The first thing I want to talk about is something I call "state-dependent dispatching", even though "dispatching" is probably the wrong technical term to use in this situation. Emulators must handle lots of hardware states simultaneously to function correctly. Most of them can be changed by writing to an I/O register or even during the execution of a single instruction. Examples for such states in the GBA are:

That amounts to five invariants that need to be checked before, while, or after every executed instruction. The old CPU implementation used a nested if-else chain to evaluate each state and act accordingly. That sounds quite reasonable until you realize that this is the hot path we are talking about. Now it is time for me to present you the innermost CPU loop, the pit of hell and profilers worst nightmare:

void ARM::execute() {
  if (dma) {
    // Run DMA
  } else {
    if (halted) {
      if (timers) {
        // Run timers until interrupt
      } else {
        // Set cycles to zero
      }
      return;
    } else {
      if (interrupted) {
        // Handle interrupt
      } else {
        if (thumb) {
          // Execute Thumb instruction
        } else {
          // Execute ARM instruction
        }
      }
    }
  }
  if (timers) {
    // Run timers
  }
}

It looks much worse than it actually is, but you get the idea. Lots of different states require lots of if-else statements. The result is code with many branches, something a modern CPU doesn't like. Emulators are known for their bad branch prediction because the branches don't tend to follow a predictable pattern. Adding more branches to each instruction just aggravates this problem.

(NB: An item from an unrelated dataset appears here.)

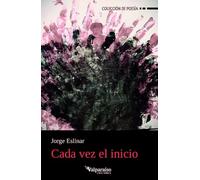 Cada vez el inicio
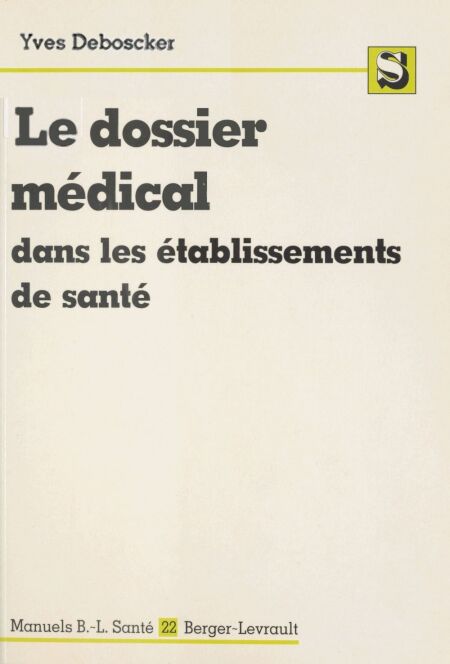media/pim/29_a192f7b3-4c16-4f64-81f5-129a365ec45c.jpeg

So how can we get around this massive if-else chain and transform it into something faster? Well, most of these states change rather infrequently and don't require constant re-evaluation. Therefore the easiest thing to do is storing the current emulator state in a variable and then calling a dispatch function made for that specific state until it changes. That reduces the number of branches to almost zero and their runtime overhead to a minimum.

class ARM {
  enum State {
    kStateThumb = 1 << 0,  // Processor mode
    kStateHalt  = 1 << 1,
    kStateIrq   = 1 << 2,
    kStateDma   = 1 << 3,
    kStateTimer = 1 << 4
  };
  uint state;
}

I'll explain "state-dependent dispatching" for the processor mode. There exists a specific bx instruction, speak "branch and exchange", that allows the processor to change its mode. If the lowest bit in the target address is set, the processor changes its mode to Thumb. Otherwise, it remains in ARM mode. The example given below changes the state variable when switching from ARM to Thumb mode. If we want to change back from Thumb to ARM mode, we need to clear this flag again.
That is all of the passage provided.